**LISTED ENTRIES**

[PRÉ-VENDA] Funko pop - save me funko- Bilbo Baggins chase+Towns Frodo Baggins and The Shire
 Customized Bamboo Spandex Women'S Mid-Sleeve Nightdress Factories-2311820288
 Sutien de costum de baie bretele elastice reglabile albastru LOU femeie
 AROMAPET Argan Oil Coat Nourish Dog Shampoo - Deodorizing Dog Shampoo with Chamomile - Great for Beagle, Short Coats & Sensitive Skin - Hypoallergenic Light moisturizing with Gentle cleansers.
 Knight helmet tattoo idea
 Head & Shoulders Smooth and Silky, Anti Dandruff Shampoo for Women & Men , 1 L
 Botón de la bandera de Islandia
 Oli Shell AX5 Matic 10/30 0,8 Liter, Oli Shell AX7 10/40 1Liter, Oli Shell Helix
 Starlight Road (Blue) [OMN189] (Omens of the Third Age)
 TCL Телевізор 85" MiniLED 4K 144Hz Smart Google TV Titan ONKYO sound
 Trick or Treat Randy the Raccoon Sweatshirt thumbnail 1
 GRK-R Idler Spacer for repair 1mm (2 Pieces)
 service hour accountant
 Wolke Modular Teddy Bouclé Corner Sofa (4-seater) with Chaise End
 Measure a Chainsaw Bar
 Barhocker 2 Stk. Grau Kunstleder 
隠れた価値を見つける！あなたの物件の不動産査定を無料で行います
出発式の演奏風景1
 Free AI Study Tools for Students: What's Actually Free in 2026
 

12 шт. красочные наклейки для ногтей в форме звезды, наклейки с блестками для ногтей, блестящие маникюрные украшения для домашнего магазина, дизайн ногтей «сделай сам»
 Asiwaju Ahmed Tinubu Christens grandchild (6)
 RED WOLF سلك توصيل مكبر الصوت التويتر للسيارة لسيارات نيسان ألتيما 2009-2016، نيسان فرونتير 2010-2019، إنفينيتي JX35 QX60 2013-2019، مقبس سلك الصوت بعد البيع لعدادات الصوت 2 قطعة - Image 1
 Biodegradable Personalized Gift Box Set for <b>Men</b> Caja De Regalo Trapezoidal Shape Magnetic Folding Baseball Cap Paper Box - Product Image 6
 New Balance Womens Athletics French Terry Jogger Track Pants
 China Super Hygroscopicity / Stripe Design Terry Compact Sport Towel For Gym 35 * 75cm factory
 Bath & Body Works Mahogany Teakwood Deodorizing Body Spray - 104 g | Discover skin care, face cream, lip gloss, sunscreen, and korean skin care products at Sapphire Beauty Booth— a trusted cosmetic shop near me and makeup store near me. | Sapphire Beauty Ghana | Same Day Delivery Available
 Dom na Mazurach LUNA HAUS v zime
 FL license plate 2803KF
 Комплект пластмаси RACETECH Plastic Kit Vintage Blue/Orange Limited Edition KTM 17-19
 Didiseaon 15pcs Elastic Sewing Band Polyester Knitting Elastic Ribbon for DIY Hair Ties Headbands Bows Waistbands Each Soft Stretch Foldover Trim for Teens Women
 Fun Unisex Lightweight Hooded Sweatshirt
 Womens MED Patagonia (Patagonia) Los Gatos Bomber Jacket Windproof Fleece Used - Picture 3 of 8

**WORK TO BE COMPLETED**
Write every line of the material above again, exactly.

**ANSWER SPACE**
[PRÉ-VENDA] Funko pop - save me funko- Bilbo Baggins chase+Towns Frodo Baggins and The Shire
 Customized Bamboo Spandex Women'S Mid-Sleeve Nightdress Factories-2311820288
 Sutien de costum de baie bretele elastice reglabile albastru LOU femeie
 AROMAPET Argan Oil Coat Nourish Dog Shampoo - Deodorizing Dog Shampoo with Chamomile - Great for Beagle, Short Coats & Sensitive Skin - Hypoallergenic Light moisturizing with Gentle cleansers.
 Knight helmet tattoo idea
 Head & Shoulders Smooth and Silky, Anti Dandruff Shampoo for Women & Men , 1 L
 Botón de la bandera de Islandia
 Oli Shell AX5 Matic 10/30 0,8 Liter, Oli Shell AX7 10/40 1Liter, Oli Shell Helix
 Starlight Road (Blue) [OMN189] (Omens of the Third Age)
 TCL Телевізор 85" MiniLED 4K 144Hz Smart Google TV Titan ONKYO sound
 Trick or Treat Randy the Raccoon Sweatshirt thumbnail 1
 GRK-R Idler Spacer for repair 1mm (2 Pieces)
 service hour accountant
 Wolke Modular Teddy Bouclé Corner Sofa (4-seater) with Chaise End
 Measure a Chainsaw Bar
 Barhocker 2 Stk. Grau Kunstleder 
隠れた価値を見つける！あなたの物件の不動産査定を無料で行います
出発式の演奏風景1
 Free AI Study Tools for Students: What's Actually Free in 2026
 

12 шт. красочные наклейки для ногтей в форме звезды, наклейки с блестками для ногтей, блестящие маникюрные украшения для домашнего магазина, дизайн ногтей «сделай сам»
 Asiwaju Ahmed Tinubu Christens grandchild (6)
 RED WOLF سلك توصيل مكبر الصوت التويتر للسيارة لسيارات نيسان ألتيما 2009-2016، نيسان فرونتير 2010-2019، إنفينيتي JX35 QX60 2013-2019، مقبس سلك الصوت بعد البيع لعدادات الصوت 2 قطعة - Image 1
 Biodegradable Personalized Gift Box Set for <b>Men</b> Caja De Regalo Trapezoidal Shape Magnetic Folding Baseball Cap Paper Box - Product Image 6
 New Balance Womens Athletics French Terry Jogger Track Pants
 China Super Hygroscopicity / Stripe Design Terry Compact Sport Towel For Gym 35 * 75cm factory
 Bath & Body Works Mahogany Teakwood Deodorizing Body Spray - 104 g | Discover skin care, face cream, lip gloss, sunscreen, and korean skin care products at Sapphire Beauty Booth— a trusted cosmetic shop near me and makeup store near me. | Sapphire Beauty Ghana | Same Day Delivery Available
 Dom na Mazurach LUNA HAUS v zime
 FL license plate 2803KF
 Комплект пластмаси RACETECH Plastic Kit Vintage Blue/Orange Limited Edition KTM 17-19
 Didiseaon 15pcs Elastic Sewing Band Polyester Knitting Elastic Ribbon for DIY Hair Ties Headbands Bows Waistbands Each Soft Stretch Foldover Trim for Teens Women
 Fun Unisex Lightweight Hooded Sweatshirt
 Womens MED Patagonia (Patagonia) Los Gatos Bomber Jacket Windproof Fleece Used - Picture 3 of 8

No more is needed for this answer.